Pumpkin flowers serve more of a purpose than just an extra part of the plant that we can consume—they are vital to the pumpkin plant and pumpkin fruit as well. These multi-purpose flowers are often overlooked, but they may be one of the most impressive parts of the plant.

Do Pumpkin Flowers Turn Into Pumpkins?

Plants that produce fruit grow flowers that, when fertilized, grow and transform into the fruit of the plant. The same goes for the pumpkin plant, although not all of the flowers have this ability. 

Pumpkin plants grow both male and female flowers, and only the female flowers can turn into pumpkins. The male flowers generally grow first and are responsible for creating the pollen that fertilizes the female flowers.

pumpkin fruit

You will generally see more male flowers than female flowers growing on your pumpkin plant, especially for the first few weeks.

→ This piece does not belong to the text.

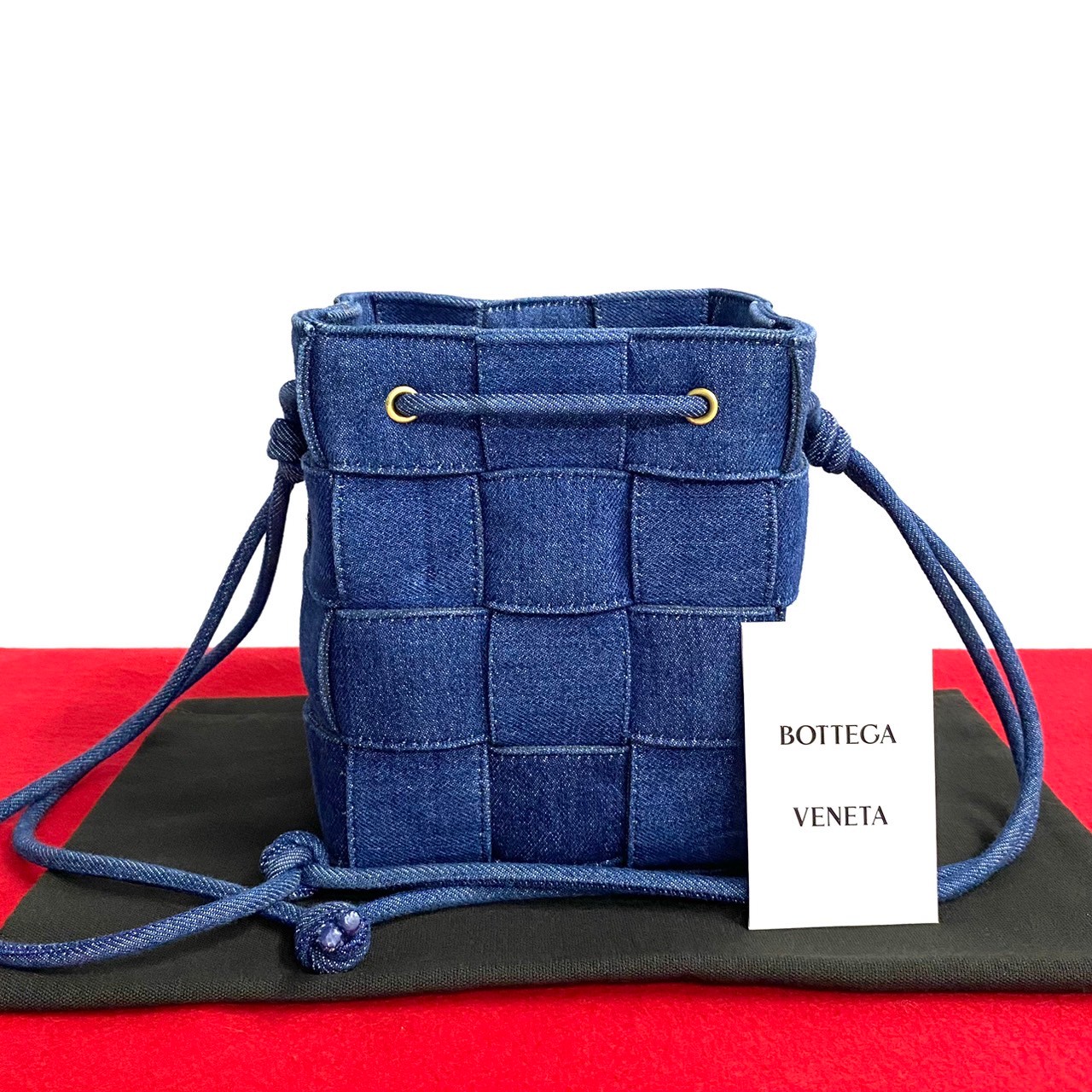 BOTTEGA VENETA Cassette mini intrecciato leather bucket bag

Once you start to see your first male flowers growing, expect to see female flowers popping up approximately a week later.

The female flowers, if pollinated, can grow into the pumpkins that we know and love. In addition to being pollinated, the conditions must be ideal for the flower to transform into a fruit.

Pumpkin flowers are a little bit picky when it comes to growing conditions, but a healthy plant should be able to grow plenty of pumpkins.

How Can You Distinguish Between the Male and Female Flowers?

From the naked eye, there is little difference between male and female flowers. The main thing to watch for is a slight bulge at the base of the flower head.

If there is a bulge, you are probably looking at a female flower. This bulge is the part of the flower that will grow into a pumpkin if fertilized and cared for properly.

If your flower does not have a bulge towards the base, you probably have a male flower.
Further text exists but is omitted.